Resulta deliberadamente ambiguo e induce a confusión, explicar la naturaleza de las relaciones Iglesia-Estado desde una perspectiva católica utilizando la categoría de “separación”, concepto reiteradamente condenado por el Magisterio eclesiástico hasta fechas bien recientes.
 
Más correcto sería hablar de “distinción”, aunque no si se pretenden eludir las responsabilidades religiosas del Estado. Solamente para resaltar que el catolicismo hace posible una relación concordada entre ambas potestades que resulta imposible allí donde el Estado y la Iglesia viven ignorándose mutuamente o en aquellas otras culturas donde se impone la unificación de lo político y de lo religioso. “Teocracias” todavía las hay, en países de religión judía o musulmana, en naciones —por cierto — muy admiradas por nuestros socialistas y liberales.

En realidad, el Derecho y el Estado poseen en el catolicismo una significación religiosa “relativa”. Es decir, son capaces de recibir una inspiración religiosa conservando su propia personalidad de manera análoga a como los individuos son transformados por la acción de la gracia sin anular por ello el orden natural. Por eso, el Derecho positivo debe concretar un Derecho natural que se asienta en la suprema ley divina y el bien común que la autoridad civil reconoce como fin no solamente no puede ser ajeno al destino eterno del hombre sino que se debe ordenar a él.
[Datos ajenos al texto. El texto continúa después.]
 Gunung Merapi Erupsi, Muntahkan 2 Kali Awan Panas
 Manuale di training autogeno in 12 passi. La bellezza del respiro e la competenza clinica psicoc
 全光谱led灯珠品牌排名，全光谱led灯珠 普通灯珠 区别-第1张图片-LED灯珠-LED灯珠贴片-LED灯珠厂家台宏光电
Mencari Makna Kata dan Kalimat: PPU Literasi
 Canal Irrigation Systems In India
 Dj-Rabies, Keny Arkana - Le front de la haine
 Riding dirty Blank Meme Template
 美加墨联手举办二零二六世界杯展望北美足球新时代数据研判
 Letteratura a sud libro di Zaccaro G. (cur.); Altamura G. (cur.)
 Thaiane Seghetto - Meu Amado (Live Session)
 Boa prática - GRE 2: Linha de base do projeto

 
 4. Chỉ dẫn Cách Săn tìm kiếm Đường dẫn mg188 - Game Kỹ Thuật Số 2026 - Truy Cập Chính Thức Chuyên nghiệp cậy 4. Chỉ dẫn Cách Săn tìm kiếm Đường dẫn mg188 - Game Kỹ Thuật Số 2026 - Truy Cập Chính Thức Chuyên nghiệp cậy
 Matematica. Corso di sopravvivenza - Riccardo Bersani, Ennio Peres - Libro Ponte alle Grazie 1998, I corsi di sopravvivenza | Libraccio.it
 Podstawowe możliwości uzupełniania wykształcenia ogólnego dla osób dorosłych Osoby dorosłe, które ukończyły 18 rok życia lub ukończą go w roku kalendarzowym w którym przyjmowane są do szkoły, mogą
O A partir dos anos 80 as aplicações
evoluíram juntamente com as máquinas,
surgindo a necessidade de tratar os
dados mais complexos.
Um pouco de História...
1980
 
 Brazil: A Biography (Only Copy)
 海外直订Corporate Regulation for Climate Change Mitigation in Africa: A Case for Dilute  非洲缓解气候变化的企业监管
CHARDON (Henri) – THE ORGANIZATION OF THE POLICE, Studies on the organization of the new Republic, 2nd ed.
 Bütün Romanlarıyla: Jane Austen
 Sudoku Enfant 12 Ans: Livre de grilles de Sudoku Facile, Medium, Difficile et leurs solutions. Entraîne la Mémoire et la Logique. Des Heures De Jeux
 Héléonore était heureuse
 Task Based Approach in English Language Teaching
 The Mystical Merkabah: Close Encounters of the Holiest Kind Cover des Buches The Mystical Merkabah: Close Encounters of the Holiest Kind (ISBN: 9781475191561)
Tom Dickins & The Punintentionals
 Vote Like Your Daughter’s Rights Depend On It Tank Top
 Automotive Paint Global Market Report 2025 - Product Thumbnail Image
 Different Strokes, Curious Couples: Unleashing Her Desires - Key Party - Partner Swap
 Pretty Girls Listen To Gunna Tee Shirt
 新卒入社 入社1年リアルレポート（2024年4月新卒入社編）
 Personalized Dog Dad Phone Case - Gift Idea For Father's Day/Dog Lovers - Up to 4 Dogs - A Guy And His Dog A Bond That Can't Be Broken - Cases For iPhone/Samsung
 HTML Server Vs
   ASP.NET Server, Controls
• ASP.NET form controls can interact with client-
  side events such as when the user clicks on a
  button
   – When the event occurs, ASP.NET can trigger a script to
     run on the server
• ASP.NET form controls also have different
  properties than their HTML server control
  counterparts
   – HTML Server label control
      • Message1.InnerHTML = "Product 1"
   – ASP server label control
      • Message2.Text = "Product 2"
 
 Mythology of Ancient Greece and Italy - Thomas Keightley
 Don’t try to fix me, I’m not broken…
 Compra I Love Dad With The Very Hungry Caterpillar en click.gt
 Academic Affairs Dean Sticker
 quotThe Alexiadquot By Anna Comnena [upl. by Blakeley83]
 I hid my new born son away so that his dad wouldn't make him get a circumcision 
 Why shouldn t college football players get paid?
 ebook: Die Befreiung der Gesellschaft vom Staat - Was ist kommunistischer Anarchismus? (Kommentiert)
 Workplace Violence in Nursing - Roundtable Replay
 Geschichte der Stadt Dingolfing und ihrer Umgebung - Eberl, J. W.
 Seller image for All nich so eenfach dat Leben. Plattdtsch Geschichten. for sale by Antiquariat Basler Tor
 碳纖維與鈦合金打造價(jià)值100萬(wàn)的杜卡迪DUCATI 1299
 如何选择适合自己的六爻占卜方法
En la gestación histórica de la sociedad, del Estado y del Derecho, la religión católica no determina de manera unívoca y previa formas y sistemas concretos pero ejerce una doble influencia al oponerse a la esencia de determinadas realizaciones (por ejemplo, cuando se declara al comunismo “intrínsecamente perverso”) y al inspirar una estructura fundamental y un espíritu en quien legisla o administra justicia (por ejemplo, la salvaguardia y los límites de la propiedad privada).

En este contexto es donde hay que entender la utilización de símbolos que, mucho antes que referencias culturales, son signos religiosos. De ahí su fuerza intrínseca y excluyente que los hace de inservibles para convivir en una “feria de las religiones”. De la propia existencia de una diversidad de creencias con contenidos tantas veces incompatibles se deduce que no todas pueden ser verdaderas. Sostener que ninguna de las religiones puede responder a una revelación objetiva resulta menos ilógico que postular que todas ellas lo hacen aunque sea en grados diferentes.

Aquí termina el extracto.